Repeat the data that follows exactly, starting at the line with "Additional options for" and ending at the line with "Isn't that super", and leave out every picture.

§ SUPPLIED MATERIAL
------------------------------------------------------------

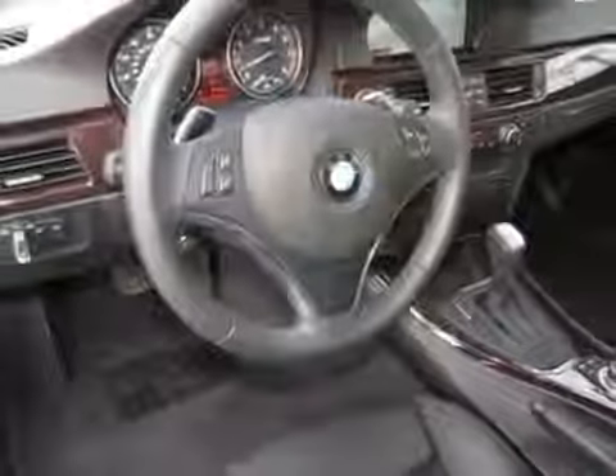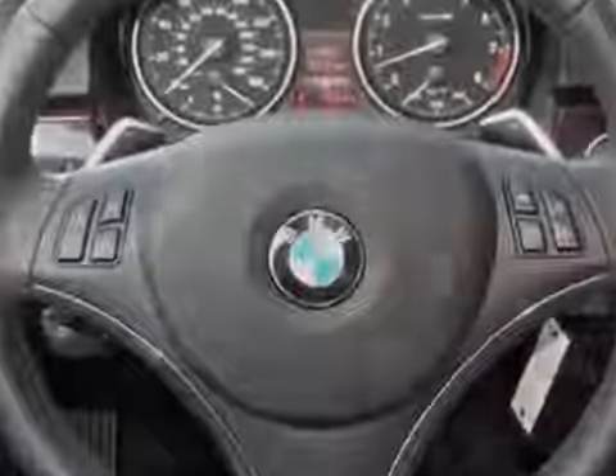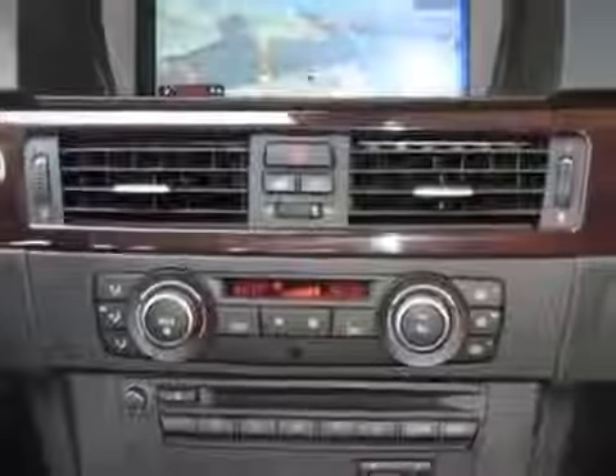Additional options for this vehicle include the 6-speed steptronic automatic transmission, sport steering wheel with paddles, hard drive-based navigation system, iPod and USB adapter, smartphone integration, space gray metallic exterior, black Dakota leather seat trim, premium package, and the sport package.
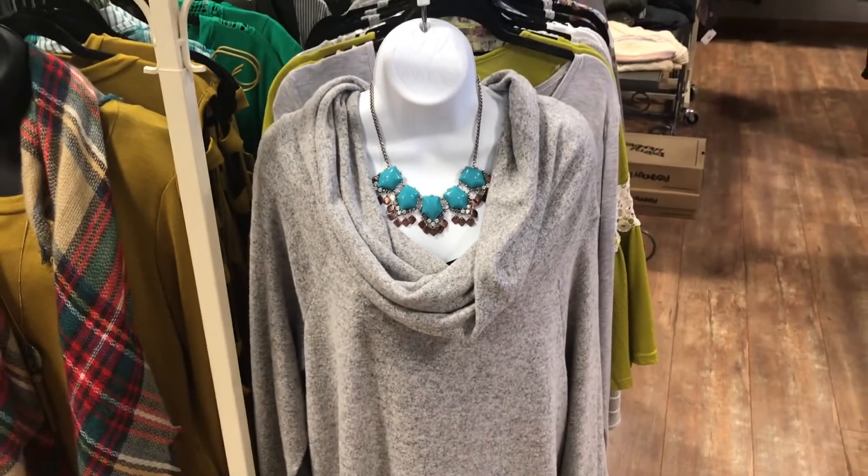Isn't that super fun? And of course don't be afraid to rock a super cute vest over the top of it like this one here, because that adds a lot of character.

------------------------------------------------------------

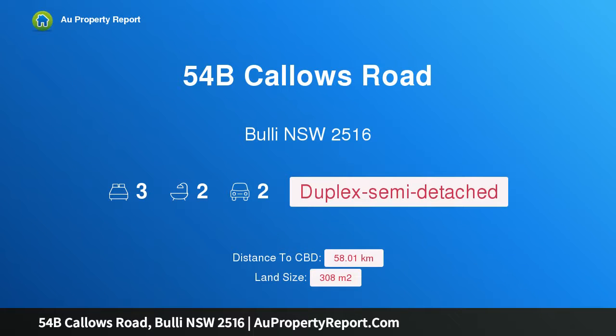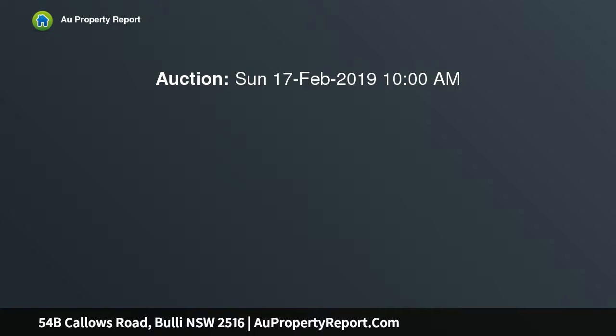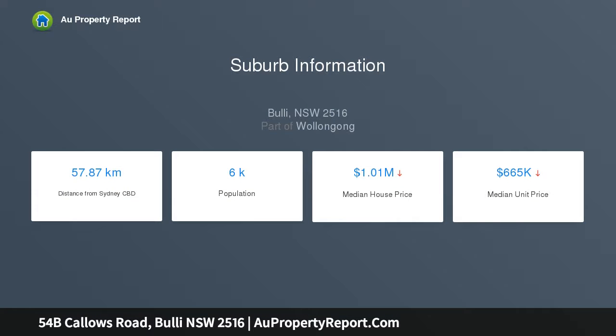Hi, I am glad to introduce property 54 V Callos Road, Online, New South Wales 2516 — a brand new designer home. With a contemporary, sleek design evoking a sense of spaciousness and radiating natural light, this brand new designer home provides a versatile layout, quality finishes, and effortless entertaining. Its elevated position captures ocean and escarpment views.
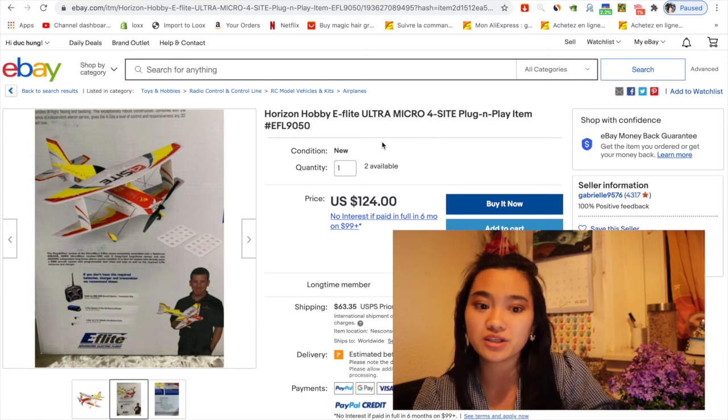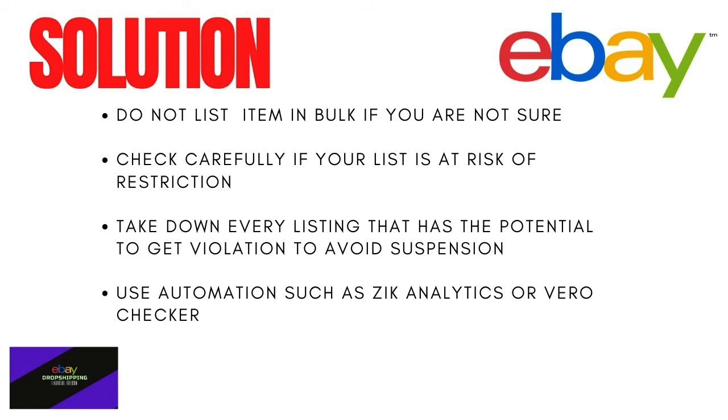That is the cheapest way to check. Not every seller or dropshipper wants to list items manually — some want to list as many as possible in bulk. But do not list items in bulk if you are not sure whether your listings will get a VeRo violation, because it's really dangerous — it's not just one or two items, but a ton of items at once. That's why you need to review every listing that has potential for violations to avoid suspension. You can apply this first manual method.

------------------------------------------------------------

§ OUTPUT BELOW
Additional options for this vehicle include the 6-speed steptronic automatic transmission, sport steering wheel with paddles, hard drive-based navigation system, iPod and USB adapter, smartphone integration, space gray metallic exterior, black Dakota leather seat trim, premium package, and the sport package.
Isn't that super fun? And of course don't be afraid to rock a super cute vest over the top of it like this one here, because that adds a lot of character.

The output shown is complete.